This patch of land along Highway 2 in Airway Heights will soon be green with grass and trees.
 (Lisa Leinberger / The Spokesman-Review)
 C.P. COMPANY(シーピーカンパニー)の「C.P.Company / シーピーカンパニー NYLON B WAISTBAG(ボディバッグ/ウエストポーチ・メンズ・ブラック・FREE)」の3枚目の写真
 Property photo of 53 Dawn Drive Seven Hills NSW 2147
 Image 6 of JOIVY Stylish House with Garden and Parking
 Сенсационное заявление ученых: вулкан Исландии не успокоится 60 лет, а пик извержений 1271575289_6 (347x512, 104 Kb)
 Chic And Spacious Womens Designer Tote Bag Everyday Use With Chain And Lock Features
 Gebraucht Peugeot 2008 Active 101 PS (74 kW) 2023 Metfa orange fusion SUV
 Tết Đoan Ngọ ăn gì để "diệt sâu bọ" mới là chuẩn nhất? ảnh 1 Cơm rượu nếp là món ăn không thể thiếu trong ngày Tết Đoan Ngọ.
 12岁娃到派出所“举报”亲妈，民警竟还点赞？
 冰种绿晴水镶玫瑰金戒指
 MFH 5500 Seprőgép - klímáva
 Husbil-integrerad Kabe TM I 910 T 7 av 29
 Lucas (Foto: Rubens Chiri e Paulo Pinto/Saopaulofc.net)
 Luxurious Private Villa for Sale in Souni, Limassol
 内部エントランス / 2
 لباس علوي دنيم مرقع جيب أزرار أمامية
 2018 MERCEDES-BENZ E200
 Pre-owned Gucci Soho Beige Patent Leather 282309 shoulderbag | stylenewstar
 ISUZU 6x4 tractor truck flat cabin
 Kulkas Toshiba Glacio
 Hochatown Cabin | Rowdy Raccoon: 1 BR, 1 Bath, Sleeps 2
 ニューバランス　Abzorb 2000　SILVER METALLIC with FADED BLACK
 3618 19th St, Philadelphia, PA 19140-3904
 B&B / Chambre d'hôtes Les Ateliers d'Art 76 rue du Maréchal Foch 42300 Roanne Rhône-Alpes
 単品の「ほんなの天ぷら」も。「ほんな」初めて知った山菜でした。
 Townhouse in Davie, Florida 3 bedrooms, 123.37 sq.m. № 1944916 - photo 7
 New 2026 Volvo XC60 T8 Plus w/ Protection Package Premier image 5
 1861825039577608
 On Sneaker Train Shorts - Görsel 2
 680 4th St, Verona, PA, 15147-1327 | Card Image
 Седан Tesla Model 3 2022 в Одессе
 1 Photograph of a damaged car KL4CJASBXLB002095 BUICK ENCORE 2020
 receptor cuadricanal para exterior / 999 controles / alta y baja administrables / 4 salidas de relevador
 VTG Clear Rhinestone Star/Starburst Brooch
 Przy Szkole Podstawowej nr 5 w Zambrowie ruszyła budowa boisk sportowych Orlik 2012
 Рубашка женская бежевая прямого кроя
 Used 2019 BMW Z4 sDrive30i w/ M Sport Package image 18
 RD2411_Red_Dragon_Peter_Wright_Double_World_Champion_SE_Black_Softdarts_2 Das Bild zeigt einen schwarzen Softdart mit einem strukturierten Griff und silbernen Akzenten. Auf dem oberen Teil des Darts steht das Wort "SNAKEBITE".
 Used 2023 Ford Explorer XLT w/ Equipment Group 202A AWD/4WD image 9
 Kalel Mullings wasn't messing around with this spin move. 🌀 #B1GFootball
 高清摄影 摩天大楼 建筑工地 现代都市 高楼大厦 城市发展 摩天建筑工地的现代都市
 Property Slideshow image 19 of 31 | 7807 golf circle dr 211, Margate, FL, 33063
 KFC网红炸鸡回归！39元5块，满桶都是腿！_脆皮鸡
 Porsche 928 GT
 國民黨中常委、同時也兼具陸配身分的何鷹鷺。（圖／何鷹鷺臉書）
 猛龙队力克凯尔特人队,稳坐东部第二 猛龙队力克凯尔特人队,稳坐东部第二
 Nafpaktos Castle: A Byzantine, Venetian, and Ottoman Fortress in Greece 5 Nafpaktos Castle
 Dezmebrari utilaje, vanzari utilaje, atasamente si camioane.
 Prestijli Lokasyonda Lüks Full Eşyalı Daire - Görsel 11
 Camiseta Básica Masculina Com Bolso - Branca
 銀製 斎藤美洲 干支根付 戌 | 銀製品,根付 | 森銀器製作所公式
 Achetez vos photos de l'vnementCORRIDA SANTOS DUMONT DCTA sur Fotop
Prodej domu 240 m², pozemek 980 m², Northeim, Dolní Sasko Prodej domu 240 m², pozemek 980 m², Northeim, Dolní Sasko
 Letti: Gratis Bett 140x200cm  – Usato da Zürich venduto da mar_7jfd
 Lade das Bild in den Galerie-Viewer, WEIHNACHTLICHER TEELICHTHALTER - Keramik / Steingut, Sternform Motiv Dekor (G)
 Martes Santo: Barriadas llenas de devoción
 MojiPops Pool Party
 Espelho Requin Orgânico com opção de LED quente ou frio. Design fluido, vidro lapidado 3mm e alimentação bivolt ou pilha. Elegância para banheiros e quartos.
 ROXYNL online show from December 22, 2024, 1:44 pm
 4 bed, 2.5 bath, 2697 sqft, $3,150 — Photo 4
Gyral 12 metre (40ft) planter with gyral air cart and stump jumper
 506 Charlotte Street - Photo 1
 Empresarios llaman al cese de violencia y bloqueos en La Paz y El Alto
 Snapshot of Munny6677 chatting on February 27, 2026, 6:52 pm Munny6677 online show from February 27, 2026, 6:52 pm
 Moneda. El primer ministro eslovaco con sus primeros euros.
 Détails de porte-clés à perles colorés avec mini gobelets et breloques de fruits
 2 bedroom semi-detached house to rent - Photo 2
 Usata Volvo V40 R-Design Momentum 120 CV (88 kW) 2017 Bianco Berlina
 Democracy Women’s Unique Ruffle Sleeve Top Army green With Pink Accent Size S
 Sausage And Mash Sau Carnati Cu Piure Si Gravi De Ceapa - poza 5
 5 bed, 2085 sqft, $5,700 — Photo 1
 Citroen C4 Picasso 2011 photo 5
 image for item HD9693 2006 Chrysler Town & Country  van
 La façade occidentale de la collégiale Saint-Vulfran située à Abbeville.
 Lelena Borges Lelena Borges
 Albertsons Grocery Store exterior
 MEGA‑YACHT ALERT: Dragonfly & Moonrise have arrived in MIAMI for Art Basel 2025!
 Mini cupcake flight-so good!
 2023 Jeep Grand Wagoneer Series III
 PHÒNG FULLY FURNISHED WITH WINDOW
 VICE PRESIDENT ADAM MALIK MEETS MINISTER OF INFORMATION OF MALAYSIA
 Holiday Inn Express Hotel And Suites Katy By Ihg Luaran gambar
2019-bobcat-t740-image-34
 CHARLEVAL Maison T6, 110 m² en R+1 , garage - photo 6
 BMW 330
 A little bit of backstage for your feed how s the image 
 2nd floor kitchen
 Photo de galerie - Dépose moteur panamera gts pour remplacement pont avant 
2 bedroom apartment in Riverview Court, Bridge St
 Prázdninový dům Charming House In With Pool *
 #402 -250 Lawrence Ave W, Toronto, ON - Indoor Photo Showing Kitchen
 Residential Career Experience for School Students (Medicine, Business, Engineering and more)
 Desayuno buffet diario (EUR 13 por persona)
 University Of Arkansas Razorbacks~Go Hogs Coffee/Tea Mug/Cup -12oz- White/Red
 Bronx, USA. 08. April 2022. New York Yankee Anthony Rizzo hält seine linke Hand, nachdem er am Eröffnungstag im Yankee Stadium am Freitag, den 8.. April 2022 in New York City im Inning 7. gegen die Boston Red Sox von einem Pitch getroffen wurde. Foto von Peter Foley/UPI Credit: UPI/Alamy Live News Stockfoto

********************

What needs to be done —
Your task for the entries above: copy exactly the span starting with the line with "Gyral 12 metre" and going on through the line with "#402 -250 Lawrence", both lines included, and nothing else.

Result for this exercise —
Gyral 12 metre (40ft) planter with gyral air cart and stump jumper
 506 Charlotte Street - Photo 1
 Empresarios llaman al cese de violencia y bloqueos en La Paz y El Alto
 Snapshot of Munny6677 chatting on February 27, 2026, 6:52 pm Munny6677 online show from February 27, 2026, 6:52 pm
 Moneda. El primer ministro eslovaco con sus primeros euros.
 Détails de porte-clés à perles colorés avec mini gobelets et breloques de fruits
 2 bedroom semi-detached house to rent - Photo 2
 Usata Volvo V40 R-Design Momentum 120 CV (88 kW) 2017 Bianco Berlina
 Democracy Women’s Unique Ruffle Sleeve Top Army green With Pink Accent Size S
 Sausage And Mash Sau Carnati Cu Piure Si Gravi De Ceapa - poza 5
 5 bed, 2085 sqft, $5,700 — Photo 1
 Citroen C4 Picasso 2011 photo 5
 image for item HD9693 2006 Chrysler Town & Country  van
 La façade occidentale de la collégiale Saint-Vulfran située à Abbeville.
 Lelena Borges Lelena Borges
 Albertsons Grocery Store exterior
 MEGA‑YACHT ALERT: Dragonfly & Moonrise have arrived in MIAMI for Art Basel 2025!
 Mini cupcake flight-so good!
 2023 Jeep Grand Wagoneer Series III
 PHÒNG FULLY FURNISHED WITH WINDOW
 VICE PRESIDENT ADAM MALIK MEETS MINISTER OF INFORMATION OF MALAYSIA
 Holiday Inn Express Hotel And Suites Katy By Ihg Luaran gambar
2019-bobcat-t740-image-34
 CHARLEVAL Maison T6, 110 m² en R+1 , garage - photo 6
 BMW 330
 A little bit of backstage for your feed how s the image 
 2nd floor kitchen
 Photo de galerie - Dépose moteur panamera gts pour remplacement pont avant 
2 bedroom apartment in Riverview Court, Bridge St
 Prázdninový dům Charming House In With Pool *
 #402 -250 Lawrence Ave W, Toronto, ON - Indoor Photo Showing Kitchen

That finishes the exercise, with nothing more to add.